[thelist] Old Browsers old Software, cut bait and move on.

Mark Cheng mark.cheng at ranger.com.au
Thu Jul 12 02:47:39 CDT 2001


>-----Original Message-----
>From: thelist-admin at lists.evolt.org
>[mailto:thelist-admin at lists.evolt.org]On Behalf Of Martin
>Sent: 12 July 2001 15:02

>>Accessibility. Not useability or degradeability.  Try running
>your Excel 98
>>Macros in Excel 2000.  Or worse, vice versa.
>
>Which is fine if you have no effective competition in the Office Apps
>market.
>
>But online is very, very different.

Huh?  why?  Are you saying MS can design their website to ie6 functionality
and its ok for them, but it is not ok for Lotus?

>
>>>exactly... which is why so much of this thread is academic... many
>>>larger sites do focus groups and have qualified researchers tell
>>>them what those numbers are, and how they break down... for
>>>sites without those budgets, you have to rely on aggregate stats
>>>and experience...
>>>
>>
>>Actually, is it academic?  aren't the aggregate stats saying you can reach
>>80% of a hell of a lot of people by targeting ie5+?  That's a hell of a
>>potential customer base as it is
>
>Nope. That's absolutely not what the stats say. They *do not* say that
>"Design for 5+ and you will be seen by 80% of the universe of web
>users". They say "Design for 5+ and 80% of the universe of web users
>and segments thereof is the maximum you will *ever* be able to

Martin,  you have just said the same thing I did.  Design for 5+ and you
reach a max of 80% of the universe of web users.  That is 80% of a hell of a
lot of people.

>get." Or another way of putting it "Design for 5+ and you lose 20%
>of your turnover for no good reason".
>

ahem, since when was a user by definition a customer?  Whilst many
businesses would love that to be true, I think history has shown that users
are not all customers.  Your comment would be fairer if it said "Design for
5+ and you lose 20% of the total web users, which is xx% of your customers".
Get your client to fill in the xx.  Don't try and do it for them.
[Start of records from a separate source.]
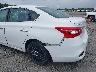 3N1AB7AP6KY****** Salvage and Repairable 2019 Nissan Sentra in Arkansas State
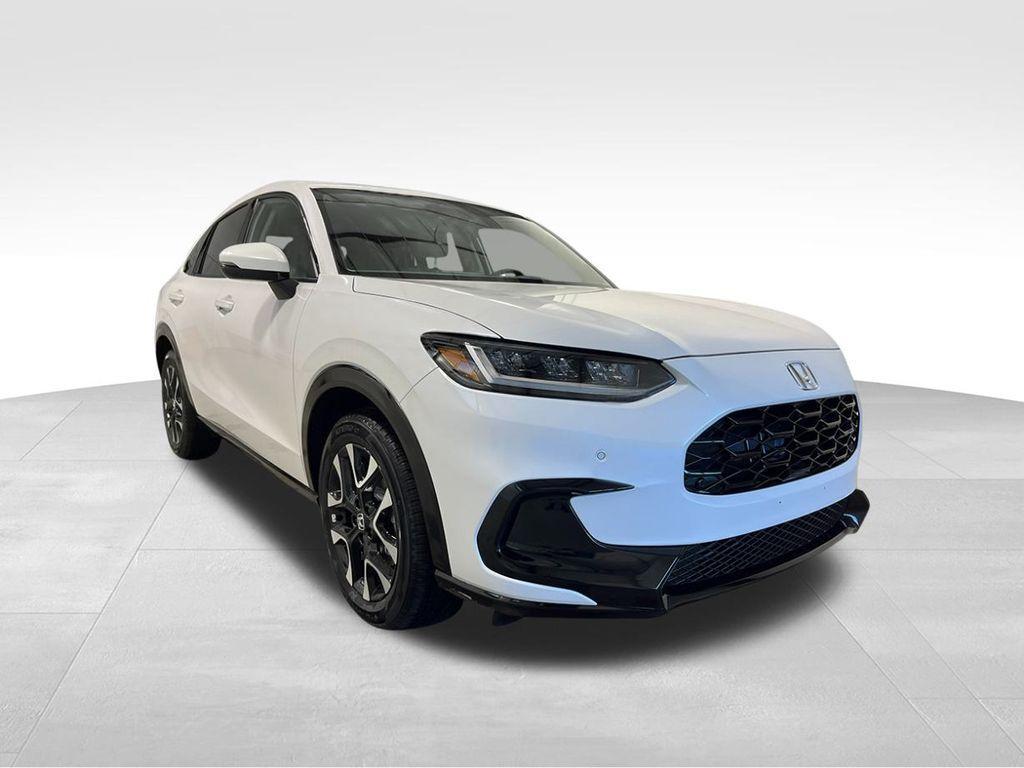 new 2026 Honda HR-V car, priced at $33,400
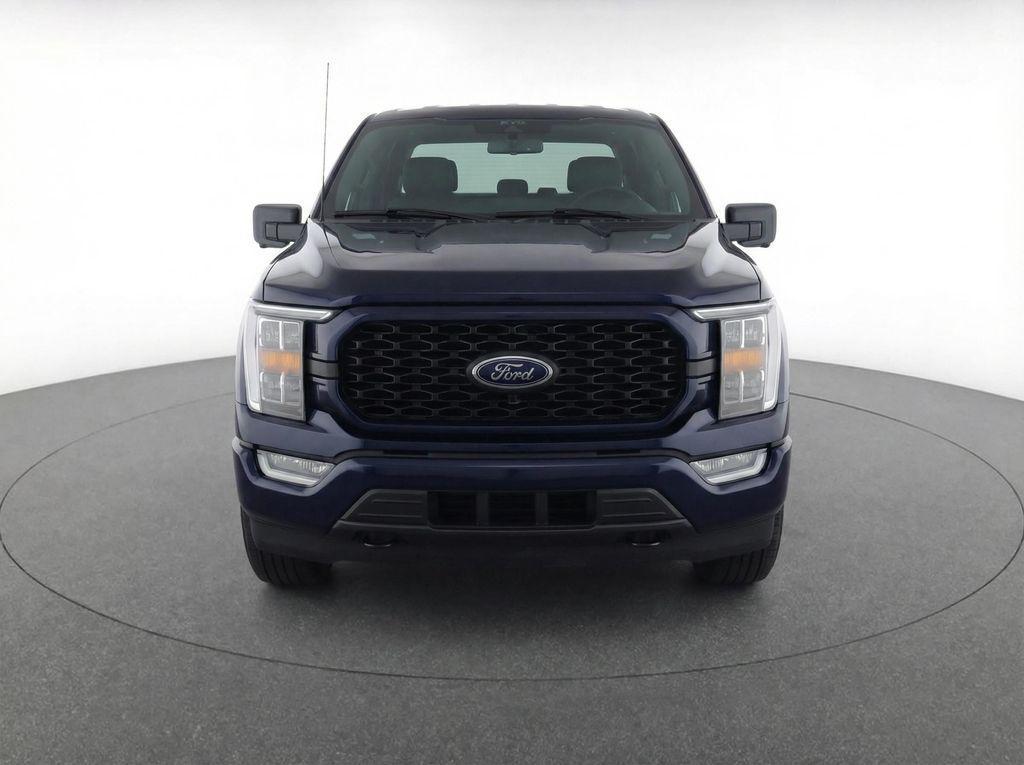 used 2023 Ford F-150 car, priced at $29,552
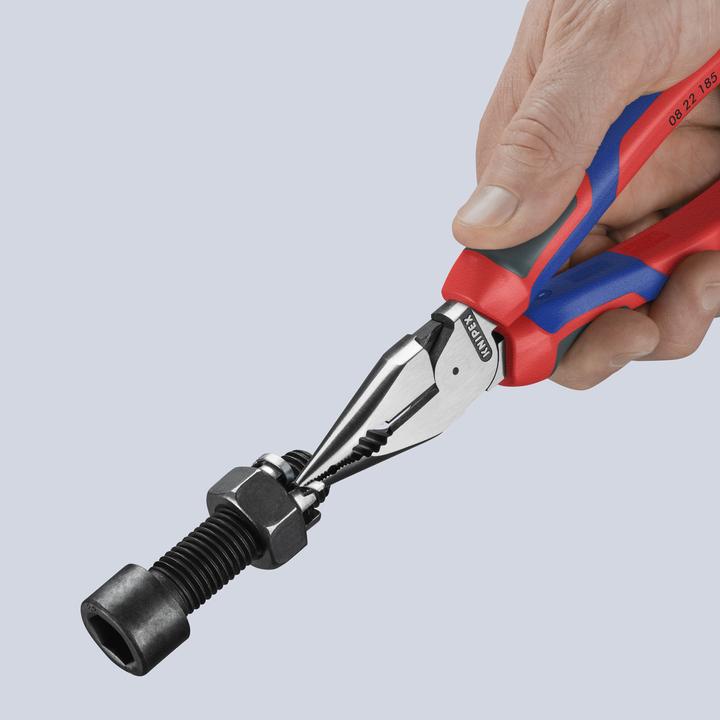 Actual product image Knipex Needle-Nose Combination Pliers (185 mm)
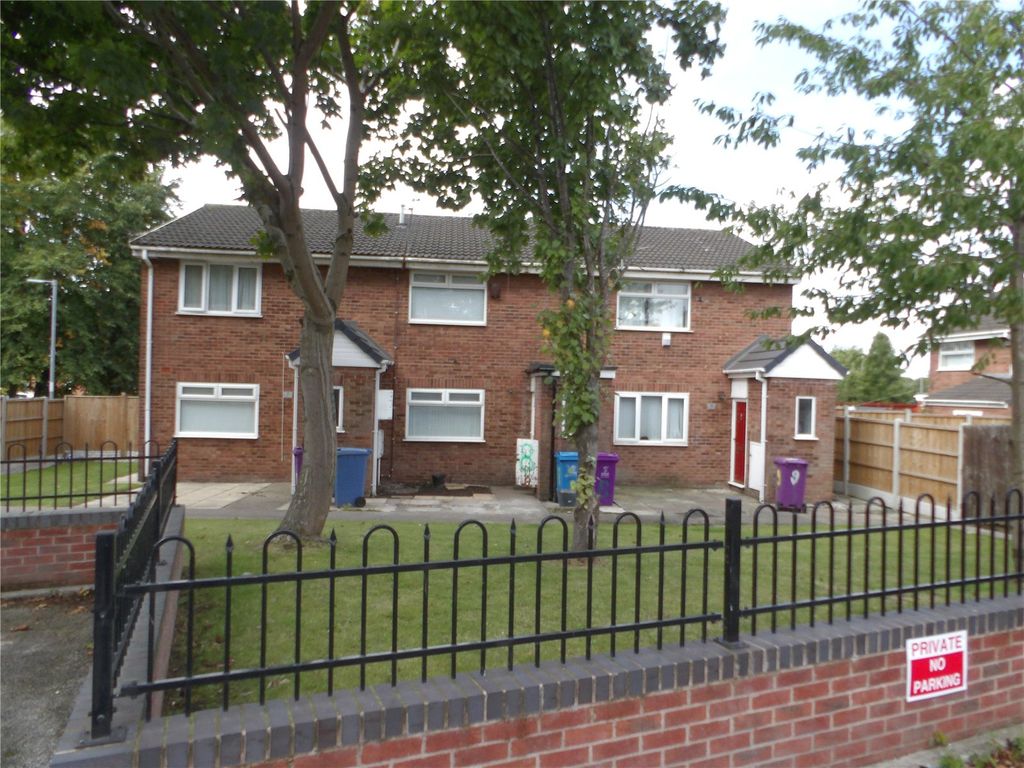 1 bed flat for sale in Lester Close, Liverpool, Merseyside L4 Zoopla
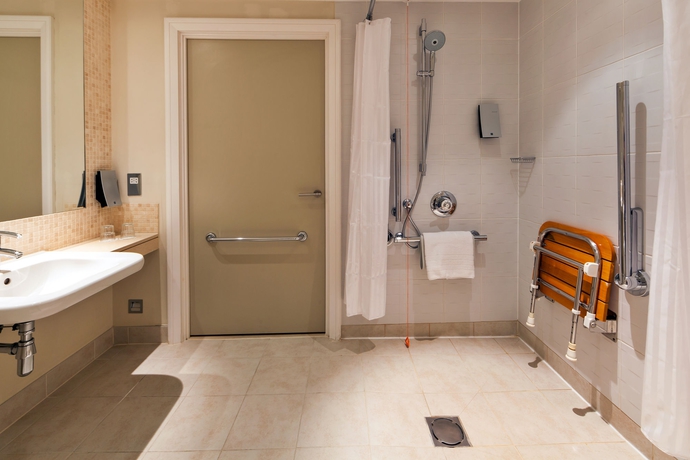 Imagen de la habitación del Hotel Hyatt Regency London Stratford. Foto 7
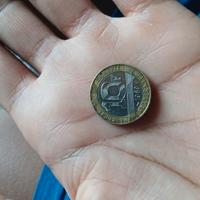 10 franchi francesi del 1989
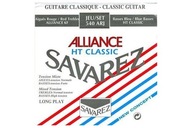 SAVAREZ 540ARJ struny pre klasickú gitaru Normal/High SAVAREZ 540ARJ struny pre klasickú gitaru Normal/High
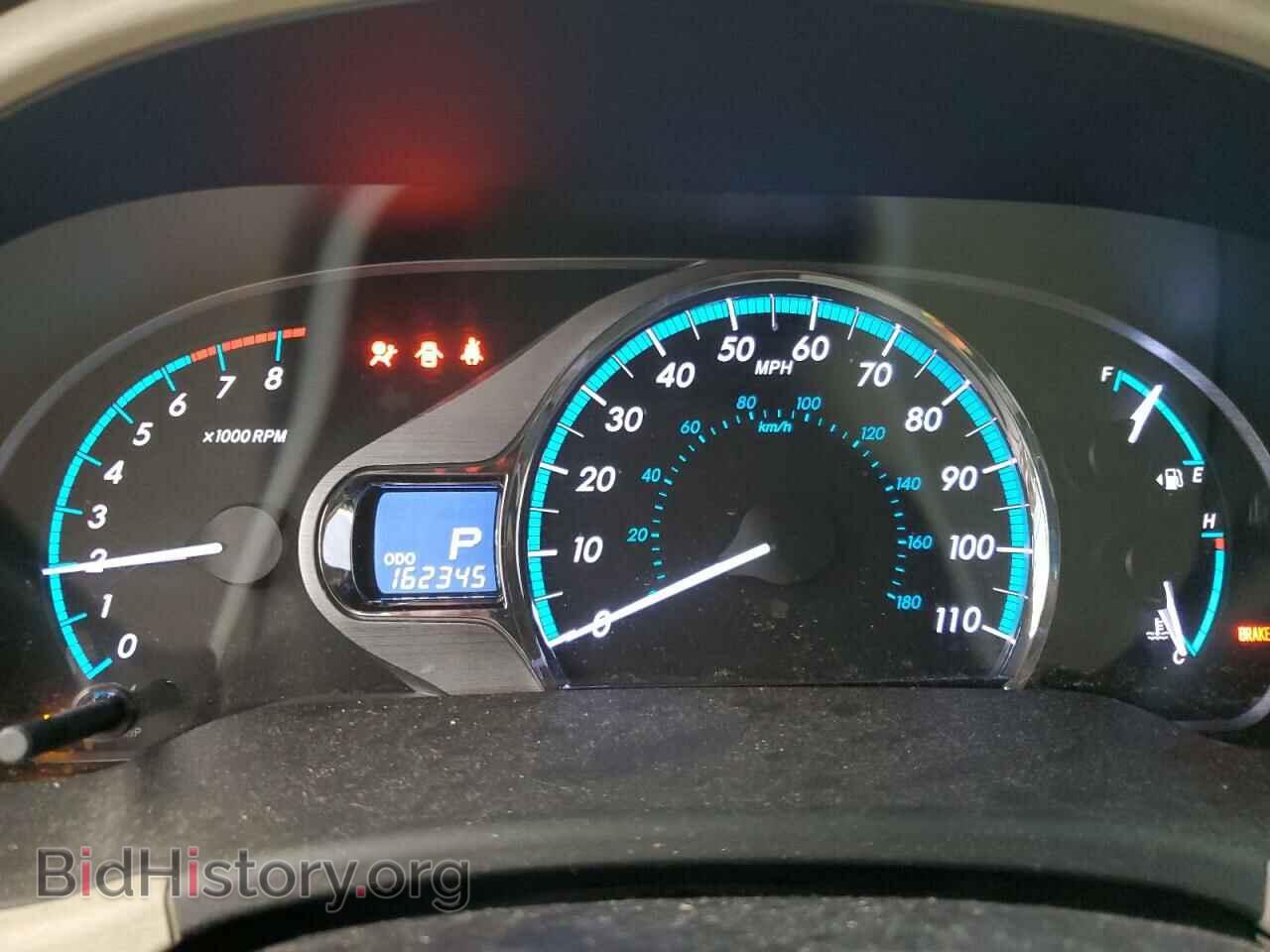 2012 TOYOTA All Models - VIN: 5TDDK3DC2CS045315 - Photo 9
>And remember that for most fixed cost businesses, it's usually that
>last 20% who are pure profit - the other 80% pay the overheads.
>Kind of like spread betting.
>

disagree. on average 20% of customers will provide 80% of revenue.
Therefore 80% provide 20% of revenue.  Pure profit - no way.  Anyway, the
key word you used is customers - a user is not automatically a customer.


>>Yeah, but if I was advising a client on an e-commerce site I'd go for the
>>highest level of encryption available in the browser population.  For an
>>ecom site security of comms between the browser and the server should
>>dictate - business risk will dictate what level of encryption the
>client is
>>happy to accept.
>
>But good marketing sense suggests that you'd give the customer the choice

Like hell, if my business risk said 128bit encryption, you had better
believe that I'd enforce 128bit encryption.  Done business with an online
bank lately?

>-
>as Amazon does. "We strong suggest you use the secure server (it's the
>default option), but if it doesn't work for you, then you can use the
>other one because you're 2 clicks away from giving us your money
>and we don't want to prevent that"
>

If their business risk analysis says that's ok - fine.  Don't force it on
other business though, their risks and customer profile may be different.